> [Instructions for the task]: Omit the pictures and return every entry exactly as written.
══ Entries shown ══
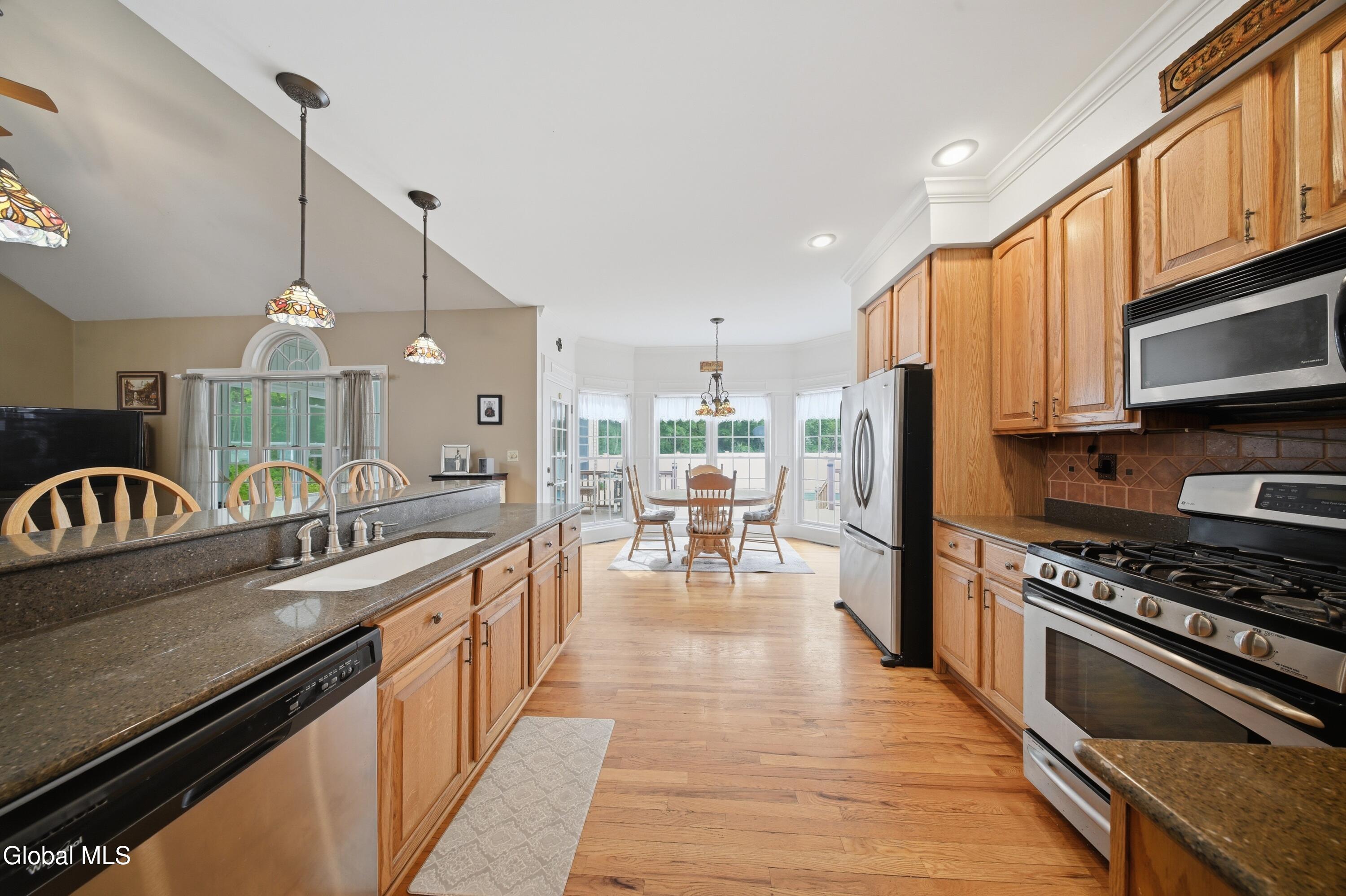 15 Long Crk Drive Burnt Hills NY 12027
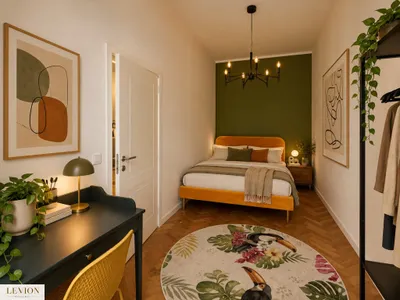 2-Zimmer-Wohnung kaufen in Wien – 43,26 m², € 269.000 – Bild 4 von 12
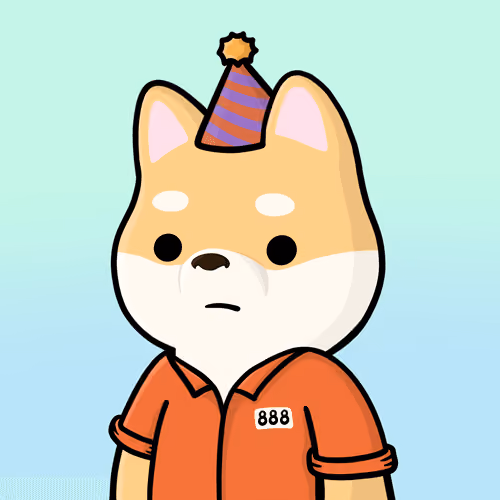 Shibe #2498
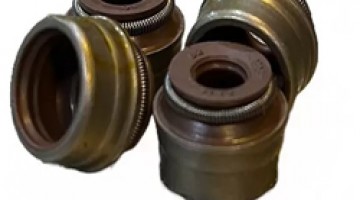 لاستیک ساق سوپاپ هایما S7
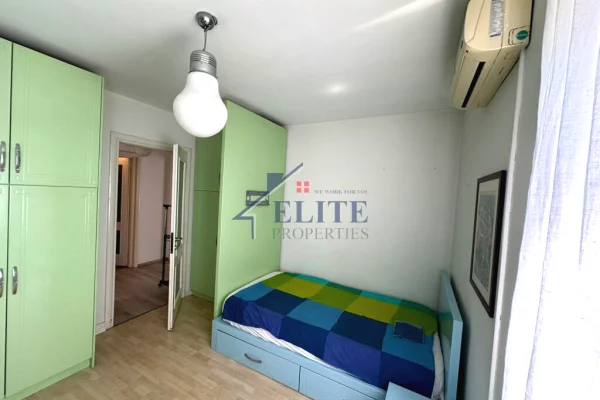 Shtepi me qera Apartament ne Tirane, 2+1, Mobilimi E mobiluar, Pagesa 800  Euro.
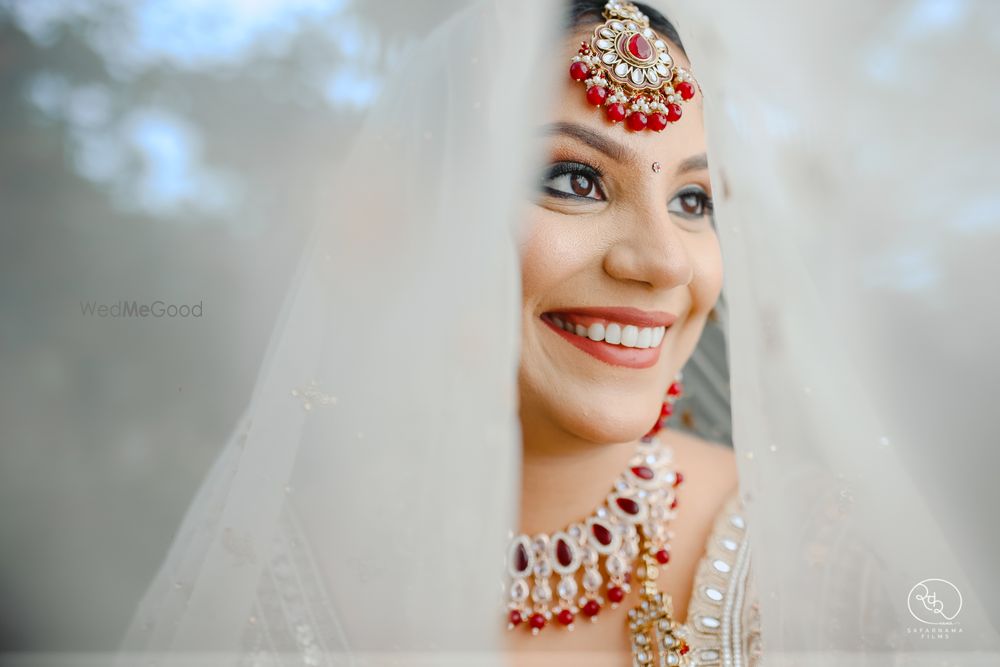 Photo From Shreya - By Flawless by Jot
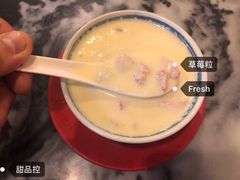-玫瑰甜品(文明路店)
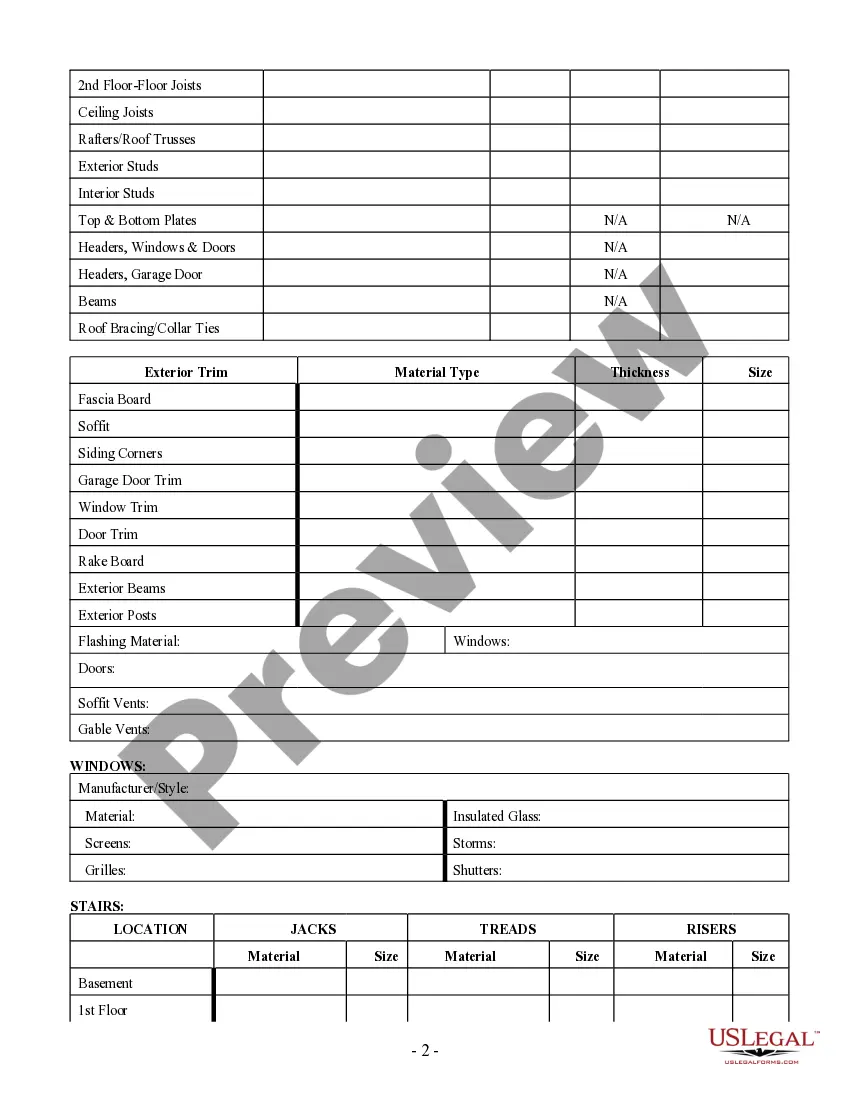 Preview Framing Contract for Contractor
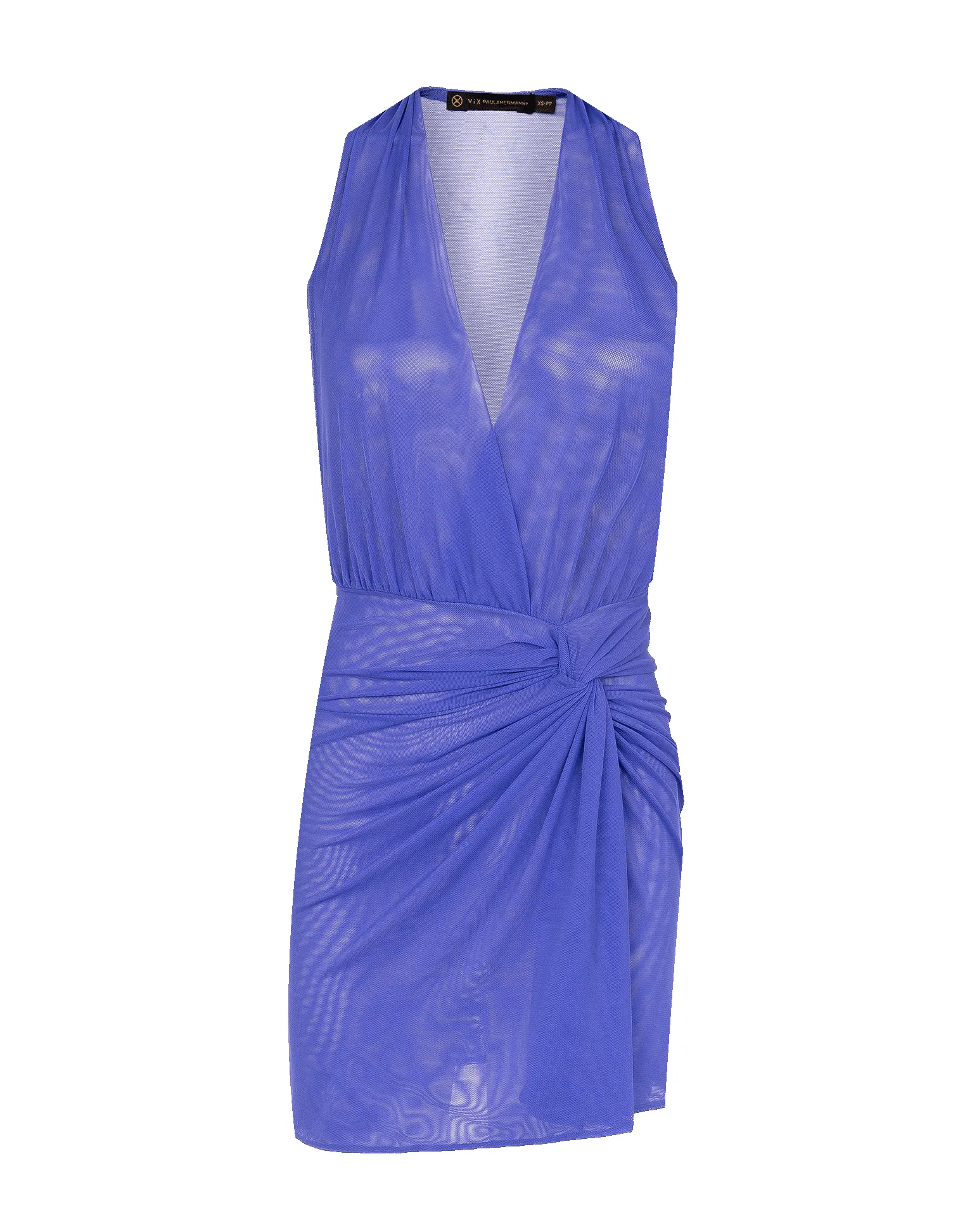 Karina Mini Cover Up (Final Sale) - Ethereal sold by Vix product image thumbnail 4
═══
> [Expected answer]:
 15 Long Crk Drive Burnt Hills NY 12027
 2-Zimmer-Wohnung kaufen in Wien – 43,26 m², € 269.000 – Bild 4 von 12
 Shibe #2498
 لاستیک ساق سوپاپ هایما S7
 Shtepi me qera Apartament ne Tirane, 2+1, Mobilimi E mobiluar, Pagesa 800  Euro.
 Photo From Shreya - By Flawless by Jot
-玫瑰甜品(文明路店)
 Preview Framing Contract for Contractor
 Karina Mini Cover Up (Final Sale) - Ethereal sold by Vix product image thumbnail 4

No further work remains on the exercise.